Não tem pois, tendo por base esta posição, qualquer tipo de fundamento a aqui
referida contraposição, sendo que a única diferença que pode existir, não
respeita, à existência do próprio direito, mas a uma eventual, maior ou menor
amplitude do seu conteúdo. Para o professor Vasco Pereira da Silva estamos
então na presença, no ordenamento jurídico português, de duas formas a designar
a posição jurídico-subjectiva dos privados perante a Administração Pública, às
quais corresponde sempre o mesmo regime jurídico.

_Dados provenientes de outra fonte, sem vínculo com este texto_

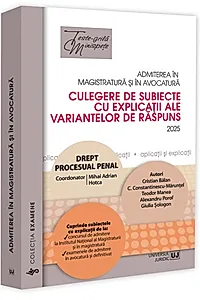 Admiterea în magistratură și în avocatură. Culegere de subiecte cu explicații ale variantelor de răspuns. Drept procesual penal - 2025
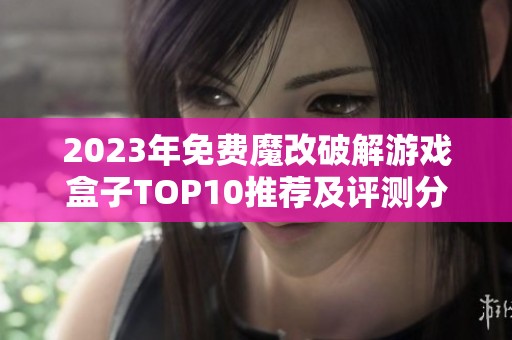 2023年免费魔改破解游戏盒子TOP10推荐及评测分析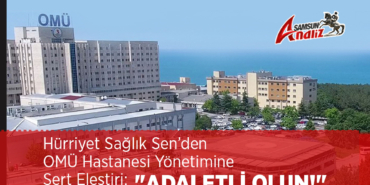 Hürriyet Sağlık Sen’den OMÜ Hastanesi Yönetimine Sert Eleştiri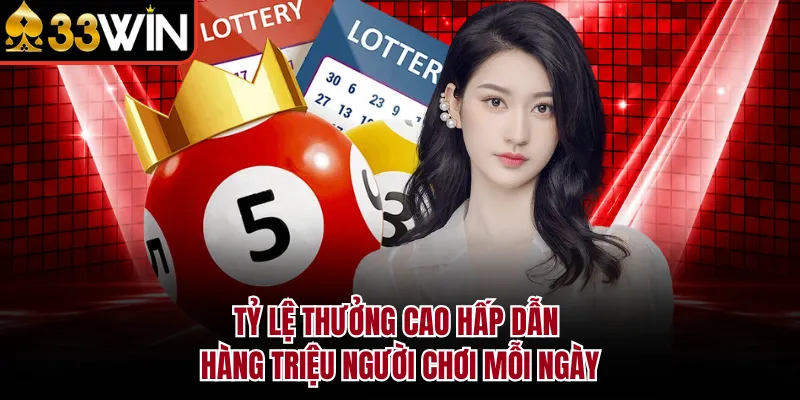 Tỷ lệ thưởng cao hấp dẫn hàng triệu người chơi mỗi ngày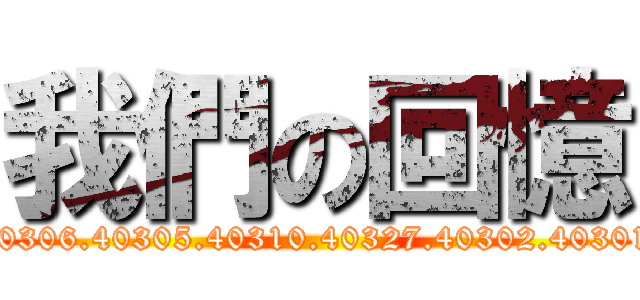 我們の回憶 (40309.40307.40306.40305.40310.40327.40302.40301.40321.40328)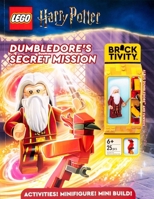 LEGO Harry Potter: Dumbledore's Secret Mission (Activity Book with Minifigure) 079445190X Book Cover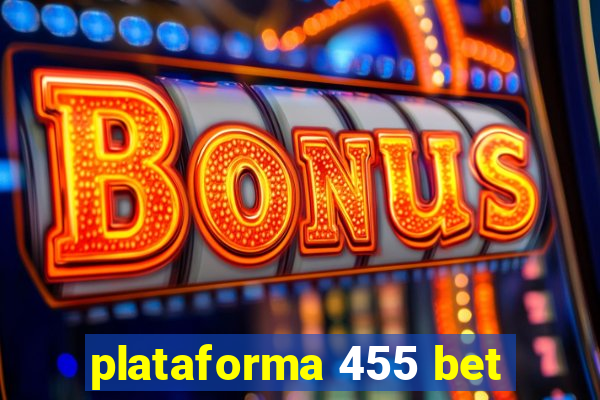 plataforma 455 bet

Em suma, esta é uma distinção,
onde nunca se conseguiu reunir o consenso da doutrina, no entanto, e apesar das
diferentes posições relativamente ao alcance de cada uma das figuras referidas,
a verdade é que, mesmo aqueles que são a favor desta separação parecem ir ao
encontro de uma realidade: esta diferença não pode ir demasiado longe, uma vez
que, são apenas diferentes graus de tutela conferida pela ordem jurídica a
posições jurídicas subjectivas. Quer os titulares de direitos subjectivos, quer
os titulares de interesses legalmente protegidos, podem responsabilizar
civilmente a Administração pelos danos que provoque. Os primeiros têm direito à
reparação integral da sua situação jurídica, os segundos, apenas podem, em
princípio, obter uma compensação pelos danos negativos. A existir, esta é assim
uma distinção de índole essencialmente quantitativa e não qualitativa.